Then it could be BCP, could cover \u2028 \u2029, string length limits, floating point, separators in sequences, and other advice.

much more straightforward. It could even cover "JSON vs alternatives" and pros and cons comparison to XML, CBOR, ASN.1 and whatever.





From: json [mailto:json-bounces@ietf.org] On Behalf Of Matthew Morley
Sent: Tuesday, March 11, 2014 11:27 AM
To: Nico Williams
Cc: Tim Bray; Phillip Hallam-Baker; Paul Hoffman; json@ietf.org
Subject: Re: [Json] Regarding JSON text sequence ambiguities (Re: serializing sequences of JSON values)

I'm not advocating for comma separators...

But having multiple top level JSON elements separated by a coma is equivalent to processing an array structure. The initial [ and the closing ] are implicitly mapped to the connection/stream/etc. start and end events.

It is just a minor token replacement at the top level between elements, which could be layered into some existing tooling. From this point of view, I would imagine the retooling is minor for either use case. It does mean tools need to be depth aware.

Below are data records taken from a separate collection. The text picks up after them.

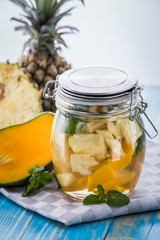 infused water mix of pineapple, mango and mint leaf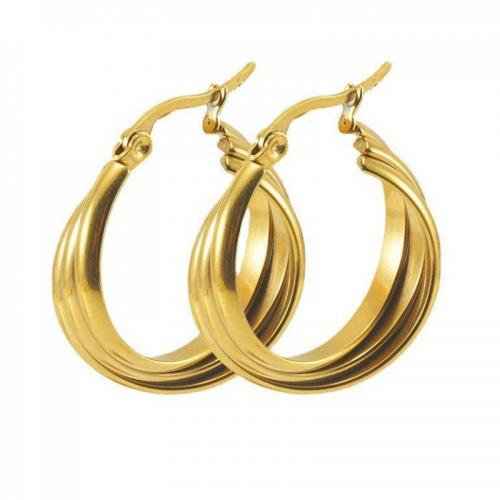 Boucles d'oreilles en acier titane, Placage de couleur d'or, bijoux de mode & pour femme, Vendu par paire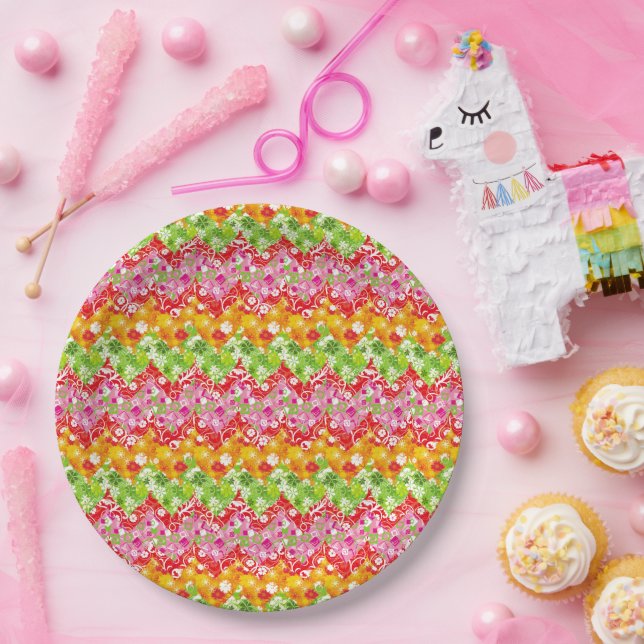 Cute colourful summer zigzag pattern paper plate (Party)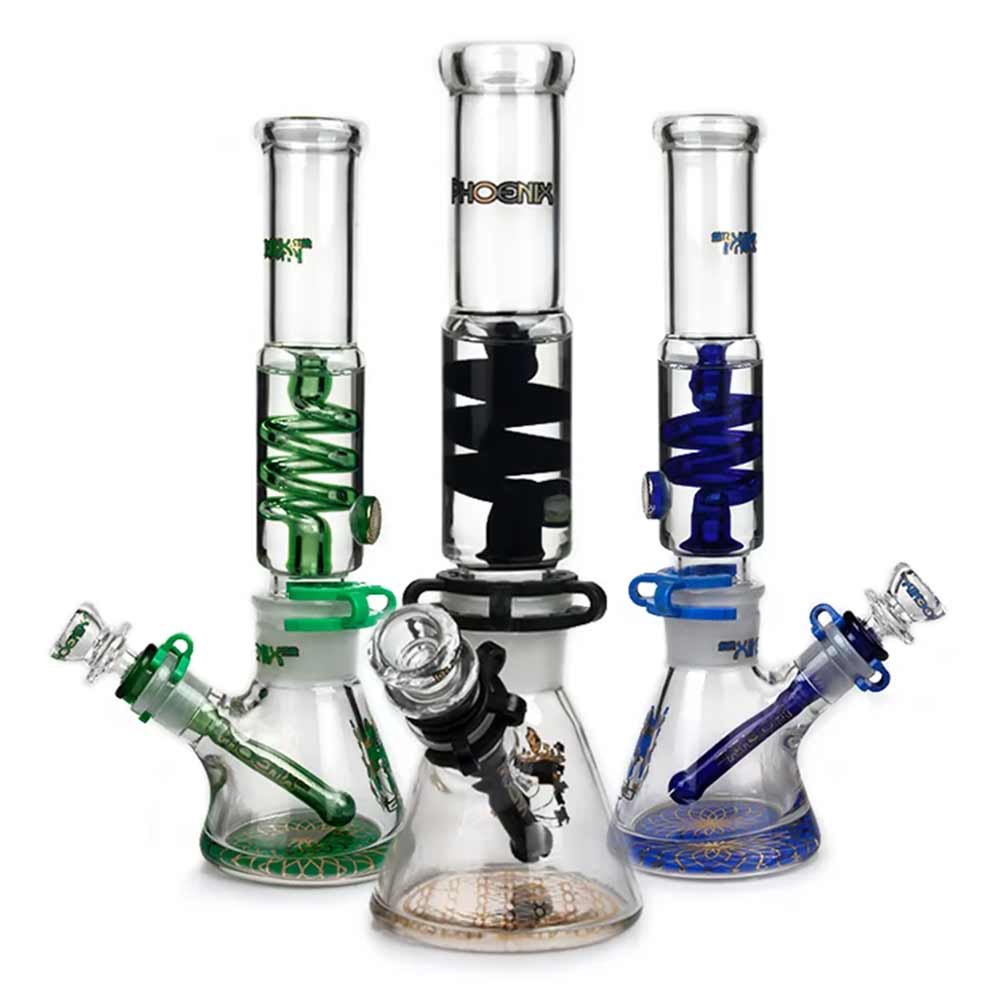 12 INCH PHOENIX 7MM BEAKER w FREEZE COIL WATER PIPE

On Tue, Mar 11, 2014 at 2:08 PM, Nico Williams <nico@cryptonector.com<mailto:nico@cryptonector.com>> wrote:
On Tue, Mar 11, 2014 at 12:09 PM, Phillip Hallam-Baker <hallam@gmail.com<mailto:hallam@gmail.com>> wrote:
> On Tue, Mar 11, 2014 at 12:48 PM, Tim Bray <tbray@textuality.com<mailto:tbray@textuality.com>> wrote:
>>
>> Heh, I wonder if there'd be any chance of getting consensus.  I can't
>> imagine ever using anything but Object Object Object with optional
>> whitespace separator; unless we all agree on that going in I'd pessimistic
>> about anyone convincing anyone else...
>
> But JSON has comma separators, so {..}, {..}, {..} makes far more sense.
JSON text sequences would be a new Proposed Standard (if we go there)
but like JSON, there exist uses of this "new" thing already -- that
is, before we get to writing the RFC.

The uses of JSON text sequences that I know of use newlines, not
commas nor comma-and-newline.  The reason for this is that these use
cases are text logfile-like: the entries are lines, lines containing
JSON texts -- usually compact texts, i.e., with no newlines in the
text, and never more than one text per-line.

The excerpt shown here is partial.